WORK TO BE COMPLETED: Beginning at the line containing "Zimný pohľad na kostol" in the material below and ending at the line containing "Kitchen or kitchenette", return each line exactly and add nothing.

********

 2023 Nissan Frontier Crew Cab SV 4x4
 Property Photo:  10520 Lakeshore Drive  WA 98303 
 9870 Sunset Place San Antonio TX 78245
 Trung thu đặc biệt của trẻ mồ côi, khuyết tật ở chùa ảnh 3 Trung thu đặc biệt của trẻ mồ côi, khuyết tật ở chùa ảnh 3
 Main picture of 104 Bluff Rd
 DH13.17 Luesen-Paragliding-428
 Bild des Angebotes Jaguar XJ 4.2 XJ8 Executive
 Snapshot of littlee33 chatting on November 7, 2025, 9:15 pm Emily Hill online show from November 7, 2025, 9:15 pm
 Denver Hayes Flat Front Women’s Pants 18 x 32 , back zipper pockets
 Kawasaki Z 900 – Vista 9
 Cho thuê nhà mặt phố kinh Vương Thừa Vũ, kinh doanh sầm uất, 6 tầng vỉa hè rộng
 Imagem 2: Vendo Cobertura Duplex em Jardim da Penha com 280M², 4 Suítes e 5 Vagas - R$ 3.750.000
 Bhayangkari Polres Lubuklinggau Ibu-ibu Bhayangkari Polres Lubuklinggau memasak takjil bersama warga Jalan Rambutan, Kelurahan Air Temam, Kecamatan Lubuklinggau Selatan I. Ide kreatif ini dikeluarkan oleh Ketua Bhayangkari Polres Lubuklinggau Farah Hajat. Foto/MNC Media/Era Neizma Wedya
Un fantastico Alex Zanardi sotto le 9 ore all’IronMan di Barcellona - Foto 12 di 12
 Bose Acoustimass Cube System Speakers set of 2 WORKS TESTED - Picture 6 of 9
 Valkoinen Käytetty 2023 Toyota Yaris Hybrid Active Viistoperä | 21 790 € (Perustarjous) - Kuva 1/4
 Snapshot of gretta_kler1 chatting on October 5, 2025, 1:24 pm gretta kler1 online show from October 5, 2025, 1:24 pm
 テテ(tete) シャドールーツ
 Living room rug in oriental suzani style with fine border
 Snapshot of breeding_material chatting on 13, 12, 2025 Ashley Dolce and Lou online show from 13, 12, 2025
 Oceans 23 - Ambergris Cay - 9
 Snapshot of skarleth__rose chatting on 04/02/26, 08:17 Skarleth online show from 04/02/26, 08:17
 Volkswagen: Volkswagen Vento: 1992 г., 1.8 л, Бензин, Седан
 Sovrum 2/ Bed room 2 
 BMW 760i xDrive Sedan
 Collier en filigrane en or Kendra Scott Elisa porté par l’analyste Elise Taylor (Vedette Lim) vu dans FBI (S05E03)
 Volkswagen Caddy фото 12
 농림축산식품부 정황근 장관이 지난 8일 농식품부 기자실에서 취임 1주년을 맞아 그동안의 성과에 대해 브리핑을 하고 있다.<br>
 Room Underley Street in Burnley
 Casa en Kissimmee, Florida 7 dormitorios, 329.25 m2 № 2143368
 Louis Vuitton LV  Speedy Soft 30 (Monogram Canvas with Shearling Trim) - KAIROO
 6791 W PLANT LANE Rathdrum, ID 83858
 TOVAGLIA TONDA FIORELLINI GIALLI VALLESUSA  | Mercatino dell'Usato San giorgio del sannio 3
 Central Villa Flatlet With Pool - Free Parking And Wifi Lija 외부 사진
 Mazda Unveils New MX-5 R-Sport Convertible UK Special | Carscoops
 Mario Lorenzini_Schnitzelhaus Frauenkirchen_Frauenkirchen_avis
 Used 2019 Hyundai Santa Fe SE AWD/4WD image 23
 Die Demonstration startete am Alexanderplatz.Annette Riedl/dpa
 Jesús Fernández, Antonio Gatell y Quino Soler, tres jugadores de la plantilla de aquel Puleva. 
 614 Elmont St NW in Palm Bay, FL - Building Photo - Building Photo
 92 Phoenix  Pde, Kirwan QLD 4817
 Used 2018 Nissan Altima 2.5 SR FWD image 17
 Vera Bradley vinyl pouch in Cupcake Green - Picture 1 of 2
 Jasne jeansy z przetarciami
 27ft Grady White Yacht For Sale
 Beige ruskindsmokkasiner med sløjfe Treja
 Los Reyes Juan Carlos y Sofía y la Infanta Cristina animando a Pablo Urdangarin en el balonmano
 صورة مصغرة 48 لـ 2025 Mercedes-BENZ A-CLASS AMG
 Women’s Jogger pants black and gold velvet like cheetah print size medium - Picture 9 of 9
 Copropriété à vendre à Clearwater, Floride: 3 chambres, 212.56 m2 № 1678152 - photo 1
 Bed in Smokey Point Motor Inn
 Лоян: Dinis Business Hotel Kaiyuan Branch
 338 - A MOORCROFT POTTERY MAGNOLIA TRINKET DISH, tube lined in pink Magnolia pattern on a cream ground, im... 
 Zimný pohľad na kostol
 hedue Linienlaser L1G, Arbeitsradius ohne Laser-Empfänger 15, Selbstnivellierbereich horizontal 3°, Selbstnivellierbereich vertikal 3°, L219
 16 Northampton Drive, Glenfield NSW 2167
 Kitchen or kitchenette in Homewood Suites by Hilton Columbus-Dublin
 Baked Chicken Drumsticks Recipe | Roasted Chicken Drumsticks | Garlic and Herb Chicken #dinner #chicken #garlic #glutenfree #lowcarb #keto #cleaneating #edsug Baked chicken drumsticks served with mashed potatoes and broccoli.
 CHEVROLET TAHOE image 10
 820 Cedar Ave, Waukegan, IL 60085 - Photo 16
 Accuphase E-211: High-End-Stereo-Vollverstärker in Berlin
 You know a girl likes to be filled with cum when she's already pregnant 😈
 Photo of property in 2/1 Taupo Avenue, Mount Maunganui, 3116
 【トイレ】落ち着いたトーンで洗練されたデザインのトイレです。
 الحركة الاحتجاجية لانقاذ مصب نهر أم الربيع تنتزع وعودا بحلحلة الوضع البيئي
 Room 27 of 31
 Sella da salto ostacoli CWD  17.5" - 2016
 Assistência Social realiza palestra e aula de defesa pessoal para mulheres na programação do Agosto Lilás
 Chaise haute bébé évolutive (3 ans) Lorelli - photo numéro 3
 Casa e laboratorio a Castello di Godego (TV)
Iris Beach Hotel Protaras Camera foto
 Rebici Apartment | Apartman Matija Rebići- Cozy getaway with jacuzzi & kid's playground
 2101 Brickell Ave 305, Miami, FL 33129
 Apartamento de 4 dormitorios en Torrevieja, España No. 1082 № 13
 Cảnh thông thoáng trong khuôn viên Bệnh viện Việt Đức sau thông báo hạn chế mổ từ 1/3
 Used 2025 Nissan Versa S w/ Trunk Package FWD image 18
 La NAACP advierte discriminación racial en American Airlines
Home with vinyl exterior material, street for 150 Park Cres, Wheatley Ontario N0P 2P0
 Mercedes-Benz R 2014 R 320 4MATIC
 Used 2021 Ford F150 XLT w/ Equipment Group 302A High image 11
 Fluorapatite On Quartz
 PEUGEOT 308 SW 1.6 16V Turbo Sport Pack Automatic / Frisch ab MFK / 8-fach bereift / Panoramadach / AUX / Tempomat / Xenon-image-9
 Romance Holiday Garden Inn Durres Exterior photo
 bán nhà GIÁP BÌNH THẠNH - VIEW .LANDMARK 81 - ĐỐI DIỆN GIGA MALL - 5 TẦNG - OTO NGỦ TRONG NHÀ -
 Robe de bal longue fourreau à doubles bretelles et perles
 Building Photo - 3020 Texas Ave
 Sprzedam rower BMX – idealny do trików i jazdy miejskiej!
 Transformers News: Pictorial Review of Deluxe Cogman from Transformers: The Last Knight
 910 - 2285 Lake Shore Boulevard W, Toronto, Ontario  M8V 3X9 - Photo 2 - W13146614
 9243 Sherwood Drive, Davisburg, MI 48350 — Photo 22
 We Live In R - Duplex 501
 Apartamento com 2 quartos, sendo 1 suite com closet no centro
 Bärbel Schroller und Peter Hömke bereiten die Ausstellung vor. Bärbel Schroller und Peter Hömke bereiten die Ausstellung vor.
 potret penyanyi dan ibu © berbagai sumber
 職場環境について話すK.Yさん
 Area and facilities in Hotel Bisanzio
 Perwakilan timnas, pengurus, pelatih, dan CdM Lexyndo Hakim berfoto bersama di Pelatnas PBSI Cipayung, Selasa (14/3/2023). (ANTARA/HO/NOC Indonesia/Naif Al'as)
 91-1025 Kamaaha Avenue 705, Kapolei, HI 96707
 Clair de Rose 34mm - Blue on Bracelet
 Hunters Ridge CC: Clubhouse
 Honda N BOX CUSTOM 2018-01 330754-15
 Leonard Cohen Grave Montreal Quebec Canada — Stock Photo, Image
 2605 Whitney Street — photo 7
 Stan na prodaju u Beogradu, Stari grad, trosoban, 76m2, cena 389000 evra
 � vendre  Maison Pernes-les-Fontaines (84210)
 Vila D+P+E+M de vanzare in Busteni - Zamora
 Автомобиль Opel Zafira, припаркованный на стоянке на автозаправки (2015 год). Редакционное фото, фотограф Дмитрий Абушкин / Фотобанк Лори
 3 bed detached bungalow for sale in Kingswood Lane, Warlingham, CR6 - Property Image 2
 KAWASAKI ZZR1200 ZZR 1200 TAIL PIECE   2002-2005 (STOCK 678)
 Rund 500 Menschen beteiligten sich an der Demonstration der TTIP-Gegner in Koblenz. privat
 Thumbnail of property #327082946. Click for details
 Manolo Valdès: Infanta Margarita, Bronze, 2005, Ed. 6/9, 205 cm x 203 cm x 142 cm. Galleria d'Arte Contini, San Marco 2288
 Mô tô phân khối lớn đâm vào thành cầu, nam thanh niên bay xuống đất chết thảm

********

RESPONSE TO THIS TASK:
 Zimný pohľad na kostol
 hedue Linienlaser L1G, Arbeitsradius ohne Laser-Empfänger 15, Selbstnivellierbereich horizontal 3°, Selbstnivellierbereich vertikal 3°, L219
 16 Northampton Drive, Glenfield NSW 2167
 Kitchen or kitchenette in Homewood Suites by Hilton Columbus-Dublin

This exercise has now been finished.